Mr Smith submits that the applicant did not explain why it took her so long to commence these proceedings. The chronology reveals that she was represented by solicitors and migration agents shortly after the Tribunal decision. Also that her s.417 application shows she was aware that the Tribunal had made its decision. Whether or not the s.417 application shows that the applicant acquiesced that the Tribunal decision was correct (a situation which is difficult in light of the fact that the s.417 application itself is not before the Court), what is clear is that she embarked upon a serious of actions, none of which were consistent with taking issue with the correctness of the Tribunal’s decision. First, an application under s.417 is an application for an exercise of executive power rather than judicial power, relating to the merits of the applicant’s personal circumstances rather than to the legal merits of the Tribunal decision. Secondly, the Macabenta class action involved a question of whether the granting of visas to people from particular countries (such as Fiji in this case) constituted a breach of s.10 of the Racial Discrimination Act 1975 (Cth).
Mr Smith submits that the respondents do not rely upon the period during which the applicant was a member of the Muin and Lie class action (26 March 1999 to 20 June 2003). However, there is an unexplained period of delay from 20 June 2003 to the commencement of these proceedings – a period of two years. Even if the Court were to accept that the period from the Tribunal decision and the joining of the Muin and Lie class action was not sufficient to warrant a refusal of relief because the applicant had taken some action to remain in Australia legally, the period after the Muin and Lie class action is so significant that it alone warrants a refusal of relief in this case.

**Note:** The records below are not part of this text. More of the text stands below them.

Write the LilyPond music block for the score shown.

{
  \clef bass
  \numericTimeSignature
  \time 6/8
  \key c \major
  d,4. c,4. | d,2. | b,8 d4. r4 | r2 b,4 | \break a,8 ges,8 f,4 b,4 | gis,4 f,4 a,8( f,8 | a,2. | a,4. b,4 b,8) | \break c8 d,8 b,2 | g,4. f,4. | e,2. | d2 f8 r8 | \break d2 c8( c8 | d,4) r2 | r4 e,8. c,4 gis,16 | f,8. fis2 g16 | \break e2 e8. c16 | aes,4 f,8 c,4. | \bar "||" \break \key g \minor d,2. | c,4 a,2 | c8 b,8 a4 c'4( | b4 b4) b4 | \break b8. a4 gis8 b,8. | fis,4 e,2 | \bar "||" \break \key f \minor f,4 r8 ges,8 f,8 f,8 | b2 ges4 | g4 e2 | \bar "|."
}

Mr Smith submits that the applicant is legally represented in these proceedings but has not sought to put any evidence in respect of the period from June 2003 until these proceedings commenced in June 2005. Mr Smith argues that it can be inferred that no evidence that she could have brought before the Court would have assisted her.
Conclusion
Mr Newman for the applicant, made detailed submissions indicating that the applicant had received minimal education and had only ever worked in positions which provided limited opportunities. As a result of this background, the applicant was disadvantaged in seeking a protection visa. However, I note that at each stage of the respective applications the applicant was represented by either a registered migration agent and/or a solicitor with experience in immigration law. In the application to this Court, the applicant is represented by a qualified legal practitioner who regularly appears in this Court and holds himself out to be a practitioner in this area of the law. Despite this, there is no affidavit material before the Court, nor was the applicant called to provide sworn evidence to explain her delay in pursuing judicial review of the original Tribunal decision.
Mr Newman’s oral submissions do not address the issues raised in the respondents’ written submissions. The affidavit of Ms Radich contains documentary evidence of the litigation history of this matter. This affidavit was read into evidence and was unchallenged. Mr Newman has made no attempt to address the issue of delay which remains the sole issue for this Court in light of the concessions made by Mr Smith for the respondents. In the circumstances, I believe the application should be dismissed.
I am satisfied an order for costs should be made in this matter. I order the applicant pay the first respondent’s costs and disbursements of and incidental to this application.
I certify that the preceding twenty-three (23) paragraphs are a true copy of the reasons for judgment of Lloyd-Jones FM.